Wired: Hawking: Unintelligent life is likely on other planets.  "Famed astrophysicist Stephen Hawking has been thinking a lot about the cosmic question, 'Are we alone?' The answer is probably not, he says."  However the probability of intelligent life is low, "'Primitive life is very common and intelligent life is fairly rare,' he then quickly added: 'Some would say it has yet to occur on earth.'"  And some would say there was intelligent life on Earth, but it is becoming increasingly rare... 

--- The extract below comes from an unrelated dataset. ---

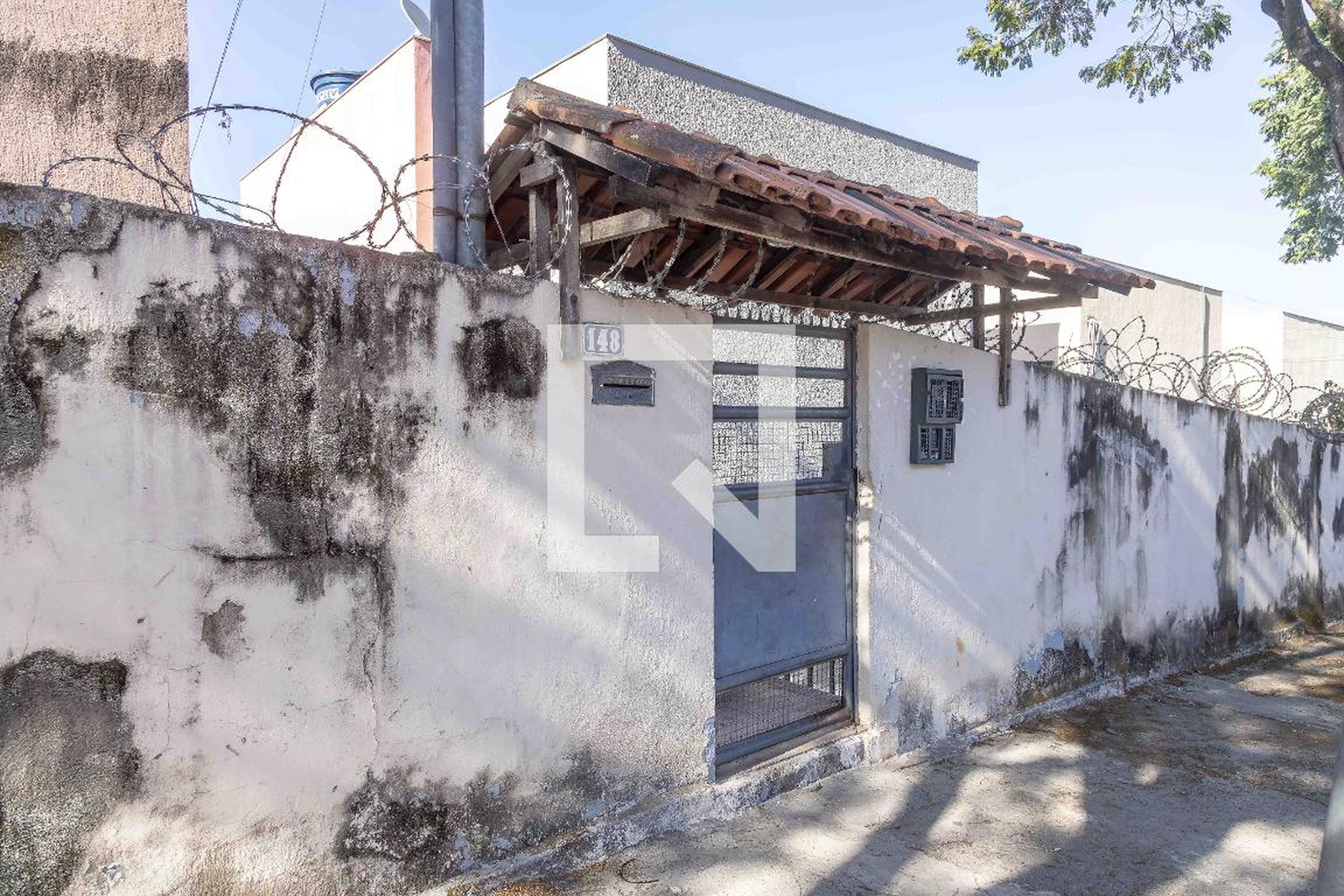 Fachada Condomínio em Rua Mauritânia, 148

From Tim Oren: Go as a Business Metaphor.  "The whole board is the available market. The stones played down are investment and expense to go after the market. A space surrounded is the net margin achieved by a product or company (the group). Too little space, and you're squeezed out of the market. Too much margin, and you are inviting competition to jump into your space."  I've never played Go, but I can appreciate the metaphor.  It is interesting to contemplate as we watch Microsoft try to buy Yahoo, and Google, and Apple...  what is their strategy? 

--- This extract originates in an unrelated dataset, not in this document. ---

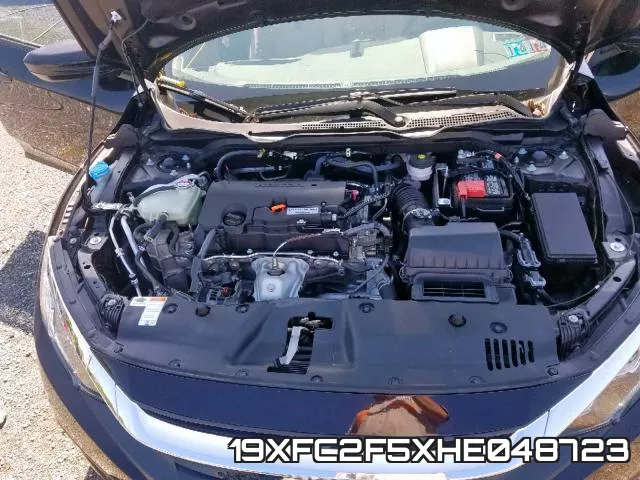 19XFC2F5XHE048723 фото 8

You won't believe this, but there is a TV show I care about - the Sarah Connor Chronicles.  I thought this show was pretty excellent.  Apparently it will come back for a second season.  Yay.  You might say it was not terminated :) 

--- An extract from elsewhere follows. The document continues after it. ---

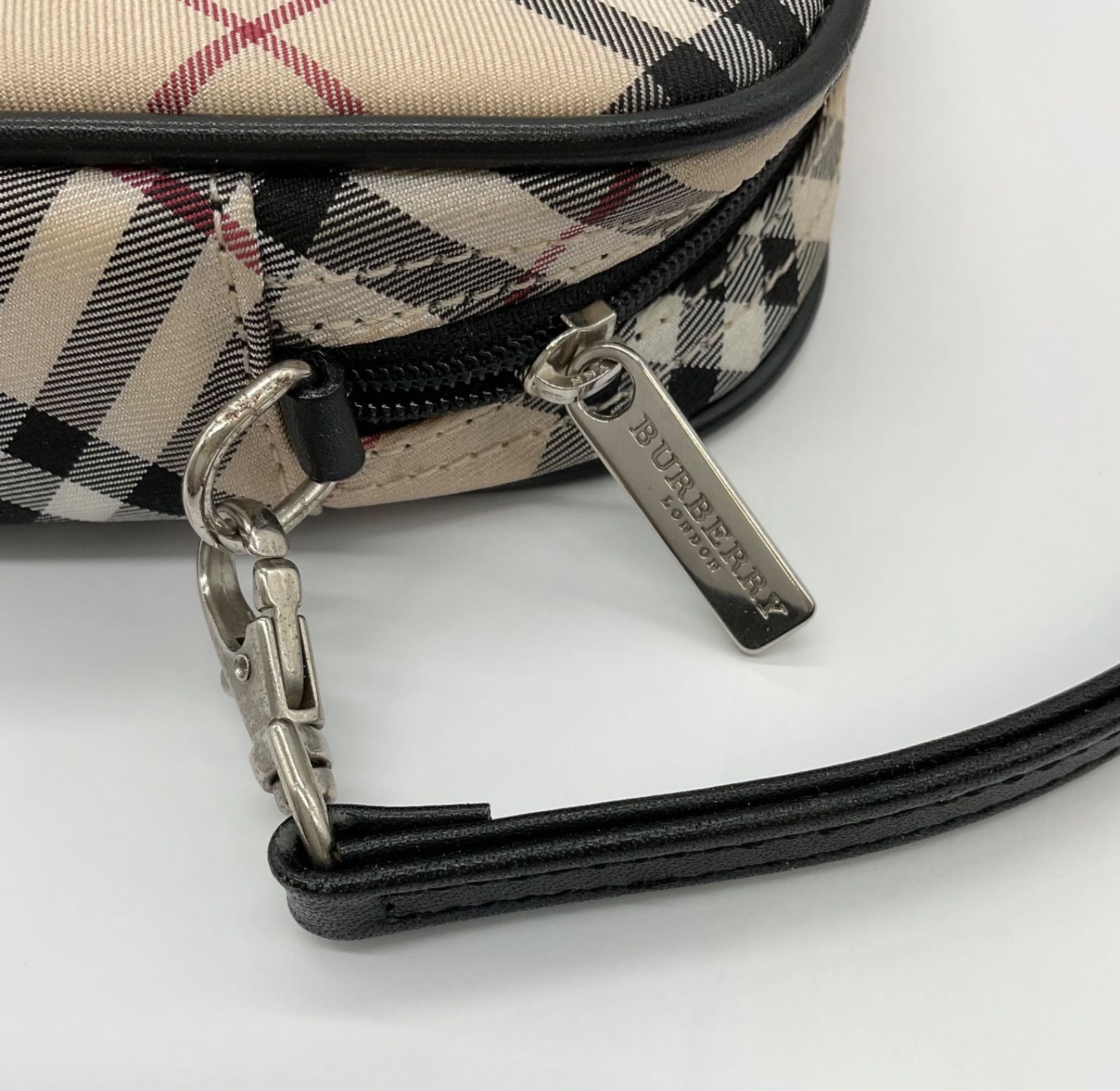 BURBERRY バーバリー アクセサリーポーチ ハンドバッグ ブルーレーベル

Having you been following this?  Amateur Hour over at Twitter.  The back story is that Twitter has been down lately, or almost down, or half down, or something like that, and the techno-cognoscenti who use it are up in arms.  The CTO has left (quit or pushed, who knows) and the VP/Engineering has left, and things are unsettled.  Underlying all this is the unappreciated root cause; Twitter is written in Ruby, which is slow and doesn't scale.  As Twitter has grown, this has become a problem.  There is a rewrite in their future if they want to stay alive... 

This is pretty cool: Cat 5 wedding rings.  ("to help nerds couple".)  Just when you think you've seen it all, you realize that "it all" is so much more than you thought... 

 

 

 

 

Friday,  04/25/08  10:05 PM

Greetings...  I am in the middle of a hard drive recovery, so if I seem a bit snippy you'll understand.  On the other hand it was a gorgeous day and I had a good ride, and my daughter Jordan is visiting, and other good things happened, so how bad is it really.  I'm listening to old Trower today.  As Joe Walsh says I can't complain but sometimes I still do :)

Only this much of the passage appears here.